Revolution Foods is just one example of a movement of for-profit enterprises that are meeting financial goals, promoting social equity, and exercising environmental stewardship. Its story is the story of thousands of small and medium-size companies that have quietly begun demonstrating that business can be about more than money. But don't think for a minute that there's a foolproof recipe for success. Companies on a mission, which I call mission-driven, face all the challenges that their mainstream counterparts do. In addition to financial goals, they confront an additional class of issues stemming from their social and environmental commitments. Indeed, it is a balancing act for companies managing this "triple bottom line," one that requires thoughtful planning, skillful execution, and perhaps most important, an intuitive feel for where and when financial goals and social and environmental initiatives reinforce each other.
The story of Revolution Foods begins with the personal histories of its two founders, who met while graduate students at Berkeley's Haas School of Business. Both Richmond and Tobey had experience in the food service industry, but their passion for serving society and the planet intensified at Haas. The school's leadership in those areas had made it a magnet for enlightened entrepreneurs, and its faculty featured a number of practitioners, such as Will Rosenzweig, founder of the Republic of Tea and a longtime entrepreneur who worked closely with students to develop new businesses. Eventually, Richmond and Tobey decided to create a business that brought healthy school lunches to kids, delivered by an organization that provided its employees with benefits and wages that exceeded industry norms.
But how does a company enter a $7 billion market dominated by such giant food producers as Tyson and Archer Daniels Midland and such large food service providers as Sodexo and Aramark? Not by competing directly with those companies for supersized contracts with San Francisco or Oakland Unified School Districts, that's for sure.
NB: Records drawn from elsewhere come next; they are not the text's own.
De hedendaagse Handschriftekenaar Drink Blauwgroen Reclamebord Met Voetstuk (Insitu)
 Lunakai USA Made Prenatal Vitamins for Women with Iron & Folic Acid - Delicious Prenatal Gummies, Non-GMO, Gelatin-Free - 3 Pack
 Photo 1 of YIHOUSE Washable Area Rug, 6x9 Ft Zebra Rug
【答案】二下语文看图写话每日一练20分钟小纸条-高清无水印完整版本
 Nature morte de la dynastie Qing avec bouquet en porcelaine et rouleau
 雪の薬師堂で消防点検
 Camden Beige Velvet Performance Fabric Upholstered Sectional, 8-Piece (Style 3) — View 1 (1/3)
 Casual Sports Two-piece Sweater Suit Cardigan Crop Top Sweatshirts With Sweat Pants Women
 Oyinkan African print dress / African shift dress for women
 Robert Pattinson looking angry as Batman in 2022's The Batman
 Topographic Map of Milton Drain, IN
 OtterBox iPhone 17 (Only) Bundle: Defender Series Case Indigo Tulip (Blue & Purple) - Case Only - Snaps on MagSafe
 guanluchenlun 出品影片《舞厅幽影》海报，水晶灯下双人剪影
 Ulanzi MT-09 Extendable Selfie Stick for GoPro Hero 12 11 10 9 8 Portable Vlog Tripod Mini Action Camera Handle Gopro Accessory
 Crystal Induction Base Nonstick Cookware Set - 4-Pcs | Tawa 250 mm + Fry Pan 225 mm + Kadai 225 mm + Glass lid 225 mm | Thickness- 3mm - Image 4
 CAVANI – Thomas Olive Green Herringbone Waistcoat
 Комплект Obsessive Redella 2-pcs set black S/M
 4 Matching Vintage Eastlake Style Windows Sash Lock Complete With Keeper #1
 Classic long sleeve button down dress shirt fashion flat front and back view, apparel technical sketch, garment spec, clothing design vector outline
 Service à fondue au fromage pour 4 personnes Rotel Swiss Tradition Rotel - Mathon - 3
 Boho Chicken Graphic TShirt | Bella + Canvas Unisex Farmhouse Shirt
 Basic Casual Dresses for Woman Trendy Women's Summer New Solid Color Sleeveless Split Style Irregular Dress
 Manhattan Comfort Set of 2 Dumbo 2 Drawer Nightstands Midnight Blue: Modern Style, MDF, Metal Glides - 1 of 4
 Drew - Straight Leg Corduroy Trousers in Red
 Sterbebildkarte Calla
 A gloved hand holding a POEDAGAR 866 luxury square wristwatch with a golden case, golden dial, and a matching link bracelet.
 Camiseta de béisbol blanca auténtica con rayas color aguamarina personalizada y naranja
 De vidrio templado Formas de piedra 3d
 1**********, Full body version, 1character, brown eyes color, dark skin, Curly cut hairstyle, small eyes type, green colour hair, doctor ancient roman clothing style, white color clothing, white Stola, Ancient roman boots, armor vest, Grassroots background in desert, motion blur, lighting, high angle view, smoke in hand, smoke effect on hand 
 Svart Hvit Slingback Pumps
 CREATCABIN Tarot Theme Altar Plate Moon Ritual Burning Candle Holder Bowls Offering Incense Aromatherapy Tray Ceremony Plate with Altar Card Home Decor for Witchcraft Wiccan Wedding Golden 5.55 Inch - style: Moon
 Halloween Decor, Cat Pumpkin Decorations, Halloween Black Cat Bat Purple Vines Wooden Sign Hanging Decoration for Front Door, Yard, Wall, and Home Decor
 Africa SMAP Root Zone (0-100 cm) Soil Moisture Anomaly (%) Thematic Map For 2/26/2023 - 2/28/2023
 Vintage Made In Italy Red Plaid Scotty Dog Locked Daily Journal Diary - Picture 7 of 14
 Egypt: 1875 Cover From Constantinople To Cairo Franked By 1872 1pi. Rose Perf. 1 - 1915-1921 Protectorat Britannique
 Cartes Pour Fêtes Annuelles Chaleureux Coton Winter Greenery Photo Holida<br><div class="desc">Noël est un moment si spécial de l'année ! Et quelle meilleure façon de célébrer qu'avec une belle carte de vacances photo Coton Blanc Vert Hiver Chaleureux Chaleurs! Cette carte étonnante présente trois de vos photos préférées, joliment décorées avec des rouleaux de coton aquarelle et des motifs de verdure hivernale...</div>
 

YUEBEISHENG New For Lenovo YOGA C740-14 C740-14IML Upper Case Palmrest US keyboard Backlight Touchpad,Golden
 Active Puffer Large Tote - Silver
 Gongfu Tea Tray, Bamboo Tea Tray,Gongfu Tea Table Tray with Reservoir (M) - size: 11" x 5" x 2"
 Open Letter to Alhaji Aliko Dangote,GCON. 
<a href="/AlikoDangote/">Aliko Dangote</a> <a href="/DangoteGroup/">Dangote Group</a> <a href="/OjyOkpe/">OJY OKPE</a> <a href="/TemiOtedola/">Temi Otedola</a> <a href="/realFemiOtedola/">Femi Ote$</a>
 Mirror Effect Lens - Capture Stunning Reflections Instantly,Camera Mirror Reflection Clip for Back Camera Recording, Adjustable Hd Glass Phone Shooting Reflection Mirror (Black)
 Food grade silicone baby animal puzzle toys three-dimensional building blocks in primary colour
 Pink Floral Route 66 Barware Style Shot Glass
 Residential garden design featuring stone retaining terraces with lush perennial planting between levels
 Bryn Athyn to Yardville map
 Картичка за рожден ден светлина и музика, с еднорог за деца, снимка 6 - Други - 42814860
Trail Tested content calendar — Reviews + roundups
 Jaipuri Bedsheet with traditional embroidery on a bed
But there was another point of entry.
Charter schools-public schools that receive a per-student allotment from their funding districts and that are allowed considerable autonomy in determining their governance structures, educational missions, and staffing and procurement procedures. A prime example of a new approach to purchasing was when charter schools activated their autonomy to break out of the nutritional null set that represented most school lunches. When parent committees and not administrators made decisions on food, they took the Revolution Foods value proposition seriously. It didn't hurt that charter schools are free to make decisions that aren't bound solely by price and are open to a company that, quite literally, caters to their wishes for better school lunch nutrition.
Still, it wasn't easy. Food procurement at publicly funded schools is bound by federal laws that mandate caloric and vitamin content in lunches and limit fat calories and saturated fat calories to 30% and 10% of the meals, respectively. With reimbursement rates that top out at about $3.00 for the poorest students, it's a tall order to serve a balanced meal. So providers often start with inexpensive fatty foods and then hunt for cheap high-calorie, low-fat ingredients to round them out. The usual choice: sugar, which crowds out healthier but also more expensive vegetables. When bids are based strictly on cost, truly nutritious foods lose out.
To get started, Richmond and Tobey spoke with educators, parents, school administrators ... and children. That last group was forthright. Collectively, students were saying, "People don't care about us. We can tell by the food they serve us." Tobey recalled one physical education teacher who routinely devoted class time to nutrition, only to feel like a hypocrite when he strolled through the cafeteria and met students who wanted answers about why their lunches violated his principles.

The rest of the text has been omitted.